The study titled “Monetary and Non-monetary Poverty in Urban Slums in Accra: Combining Geospatial Data and Machine Learning to Study Urban Poverty” noted that slum populations are growing at 4.5 per cent per year in sub-Saharan Africa.
It notes that population expansion of slums may not be only due to migration but also due to a higher birth rate.
The study found that women in slums tend to have more children, creating more pressure for local government to provide education to children of slum residents. It further states that high birth rate among women deprives them of future human capital and empowerment, stressing the need for female empowerment programmes as an effective policy intervention.

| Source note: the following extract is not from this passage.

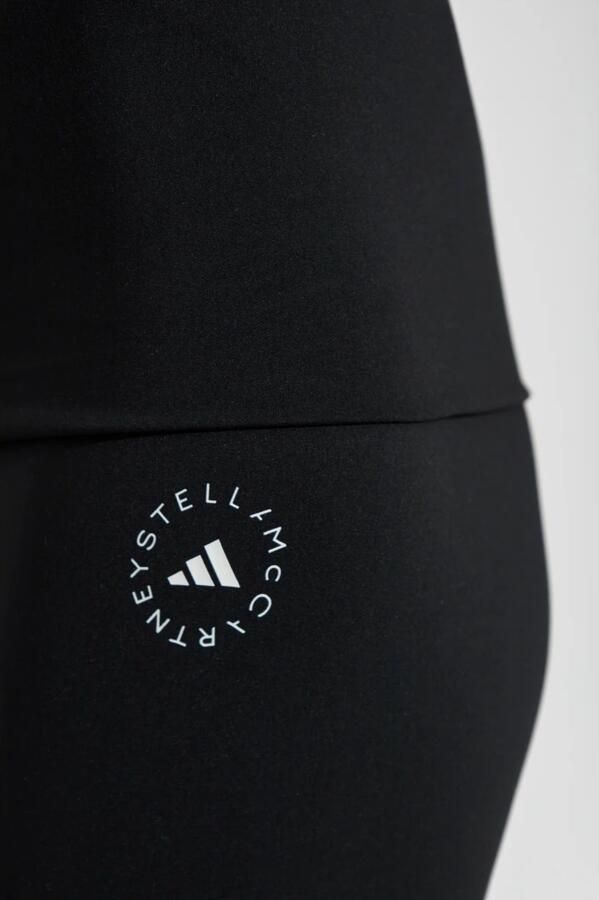 Adidas by stella mccartney Leggings met uitsnijdingen Black Dames - Foto 5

It also establishes a strong correlation between living in slums and higher monetary poverty.
“Living in slums is strongly correlated with higher monetary poverty, higher fertility among women and low school attendance among children,” the study points out.

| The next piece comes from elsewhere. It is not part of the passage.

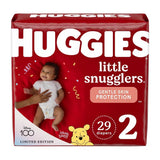 Huggies Little Snugglers Baby Diapers Jumbo Size 2 (Pack Of 4)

“Slum areas tend to be of high population density and low elevation which in Accra are generally flood-prone areas, noting that identifying the location and living conditions of slums is a critical step toward designing effective urban policies. By combining household survey data and census data with high spatial resolution satellite imagery and using machine learning, this study attempts to define slums objectively within the city of Accra,” it says.
Defining slums with reference to the United Nations Settlements Program (UN-Habitat), the study says a slum household is a household lacking access to improved water, sanitation, sufficient living area, durable housing, and security of tenure, adding that access to services and infrastructure often vary across countries, making it difficult to define applicable criteria of slums universally.
The study however clarifies that the definition of slums by the UN-Habitat does not account for population density and exposure to natural disasters.
A senior economist with the World Bank, Tomomi Tanaka presenting highlights of the study at the World Bank office in Accra, said the study indicates that religious ties are one of the important social factors that explain why people keep living in slums, adding that ethnic ties are also key factors of long-term slum residency.
“People who live in the slums they were born in tend to live in the communities where the percentage of people who follow the same religion is higher than the average Accra city,” she said of the study.
“People keep living in the slums for economic opportunities and for the social network that helps them get jobs, thus relocation of slum residents may not be the sensible policy option for the government,” the study suggests.